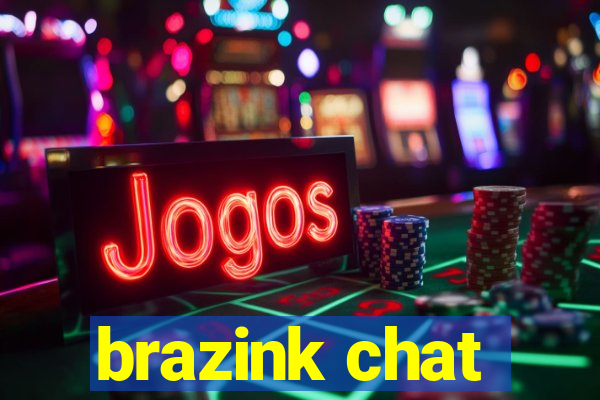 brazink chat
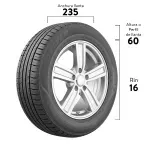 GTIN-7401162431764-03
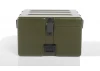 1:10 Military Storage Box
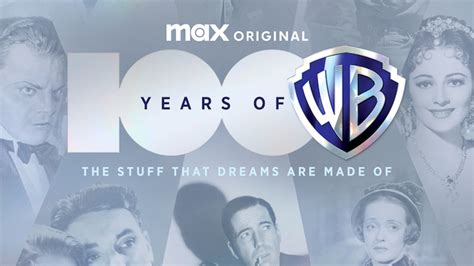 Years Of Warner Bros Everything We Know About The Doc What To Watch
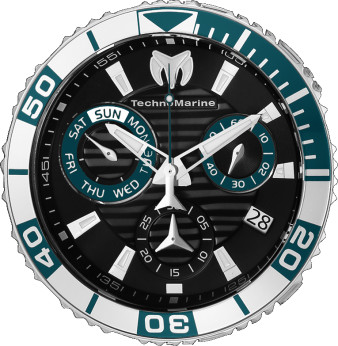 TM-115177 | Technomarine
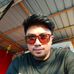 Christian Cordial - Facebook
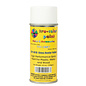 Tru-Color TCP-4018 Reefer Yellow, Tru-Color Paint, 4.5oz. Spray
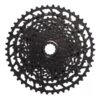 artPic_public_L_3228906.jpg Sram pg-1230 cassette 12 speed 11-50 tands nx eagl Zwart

########

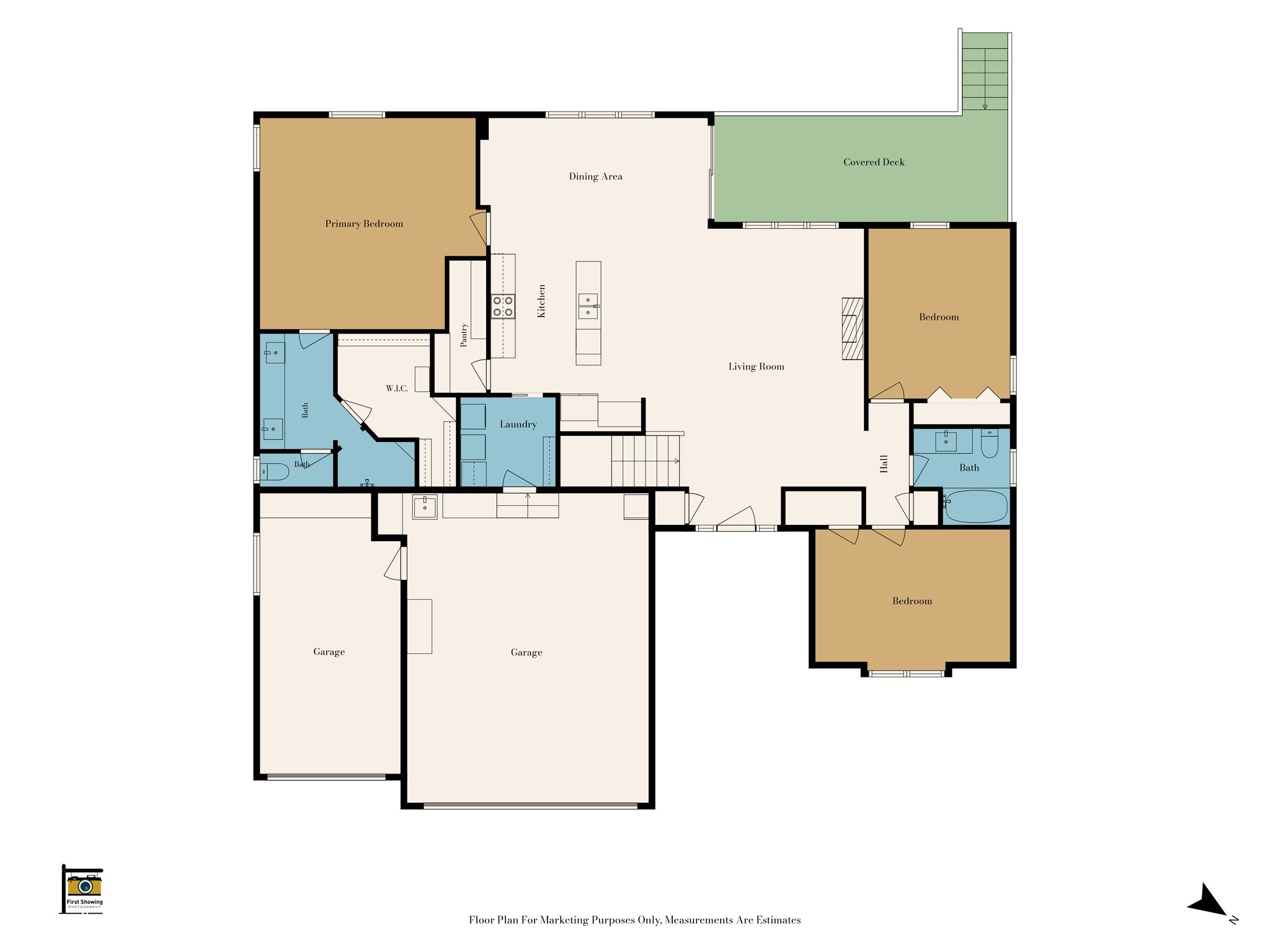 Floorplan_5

########

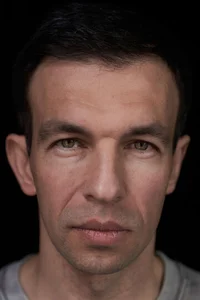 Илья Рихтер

########

◆ **AIM OF THE EXERCISE**
In the material above, the stretch from the line with "TM-115177 | Technomarine" through the line with "artPic_public_L_3228906.jpg Sram pg-1230" is to be given again exactly, minus the pictures.

◆ **SOLVED PROBLEM**
 TM-115177 | Technomarine
 Christian Cordial - Facebook
 Tru-Color TCP-4018 Reefer Yellow, Tru-Color Paint, 4.5oz. Spray
 artPic_public_L_3228906.jpg Sram pg-1230 cassette 12 speed 11-50 tands nx eagl Zwart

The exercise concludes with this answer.